Crash Course

January 1, 2008 by  
Filed under Edit

Fast fads are not always the smart way to lose weight

Here it is, the New Year. Resolutions have been made and some have already been broken. Every year, it seems one of the top resolutions is losing weight. The holiday season has ended and you ate a little bit more than you should have. In October it was candy, in November it was turkey and December was just a little bit of everything.

Rest assured, you are not alone. Most of us have trouble fitting into our jeans. Now, we have extra pounds we need to cram into our denim. We know how the pounds got there. Now we have to figure out how to lose them.

Crash dieting is a quick fix-me-upper. The wide-range of popular diets can account for that. Some guarantee weight loss, so why not? However, a pressing problem that people seem to overlook in these fad diets is that the weight may fall off, but it will not stay off.

World Class Fads
Some diet plans come in the form of pre-packaged meals while others tout fast results with little to no effort — even losing weight while you sleep. Then again, some weight-loss formulas come in the form of a little pill you see advertised during “Judge Judy” or a 3 a.m. infomercial. All promote easy, if not somewhat dangerous, methods of dropping those unwanted pounds.

After discovering heart illnesses and problems associated with the once-popular Atkins diet, dieters have replaced it with the newer and flashier South Beach Diet.
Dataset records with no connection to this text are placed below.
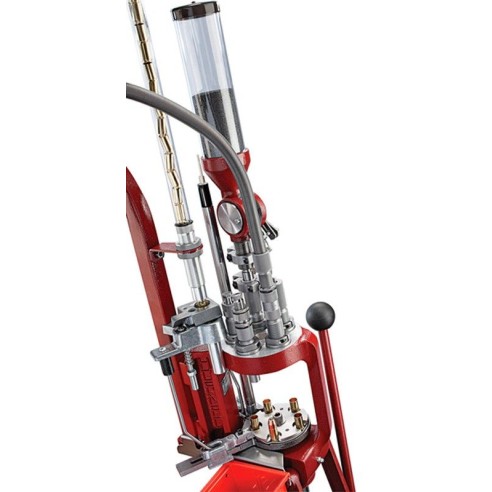 Presse HORNADY Lock-N-Load® Ammo Plant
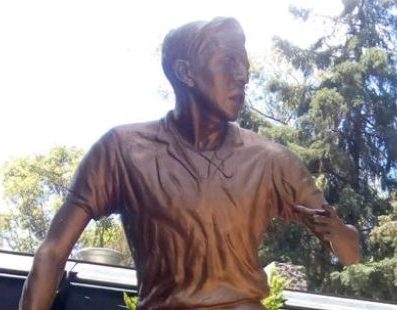 Conmemorarán 50 Aniversario luctuoso de Rafael “Pelón” Osuna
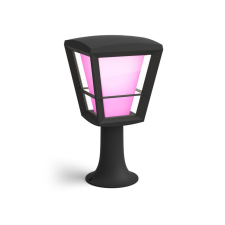 Philips Econic Hue IP44 kültéri led állólámpa Philips 8718696170595 kültéri világítás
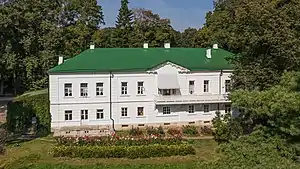 Yasnaya Polyana, Home of Leo Tolstoy, Shchyokinsky District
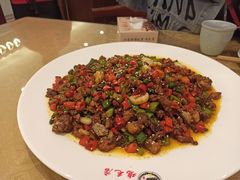 -达旺·鸡毛店(巴南万达店)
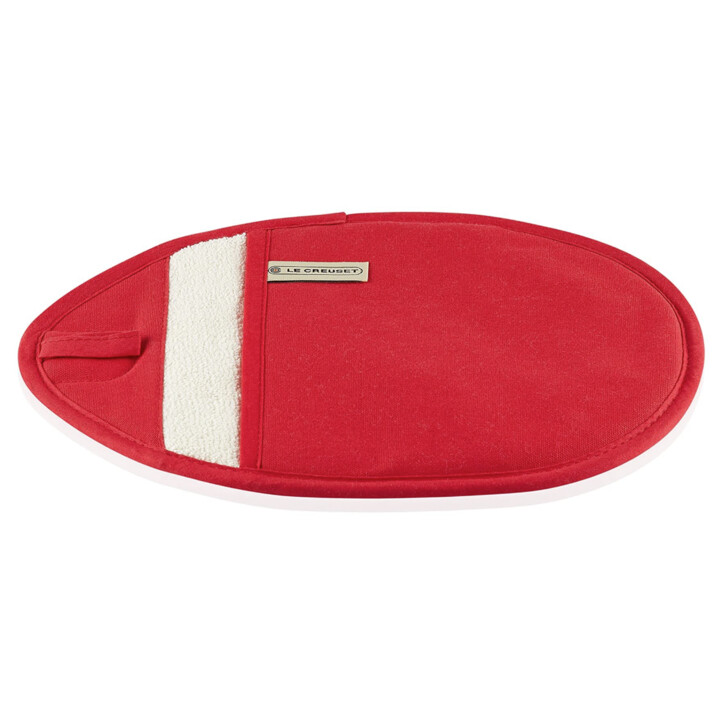 Le Creuset Potholder 31x21cm cherry red (95002700060000)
The plan is simply divided into three phases. Phase one — lean meats, low glycemic foods and no carbohydrates; Phase two — gradually reintroduce some of the restricted foods; and Phase three — a healthy, balanced diet. Dieters can expect to lose anywhere from eight to 13 pounds during the first two weeks (phase one) and one to two pounds each of the following weeks until they reach their desired weight (phase two). The last phase is the trickiest; it’s a lifetime commitment to healthy eating. If the dieter slips and begins gaining weight, go back to phase one to get back on track.

One of the more popular diets is the cabbage-soup diet. The key to this diet is the delicious, never-ending supply of cabbage soup — whenever you crave it. Each day is broken into categories. For instance, day one consists of fruits and cabbage soup. Day two is all vegetables, with the exception of the soup. Have as many bowls as you want — hope you like cabbage soup!

Money talks
Being paid millions of dollars to lose 20 pounds in two weeks was enough incentive for pop diva Beyonce Knowles. Dubbed as the “Beyonce Diet,” Stanley Burroughs actually created the Lemonade Diet, or Master Cleanse, more than 50 years ago. This liquid diet consists of lemon juice, real maple syrup, cayenne pepper and water. This concoction is the only thing you may consume for the 10- to 40-day period, depending on how long you can stomach it.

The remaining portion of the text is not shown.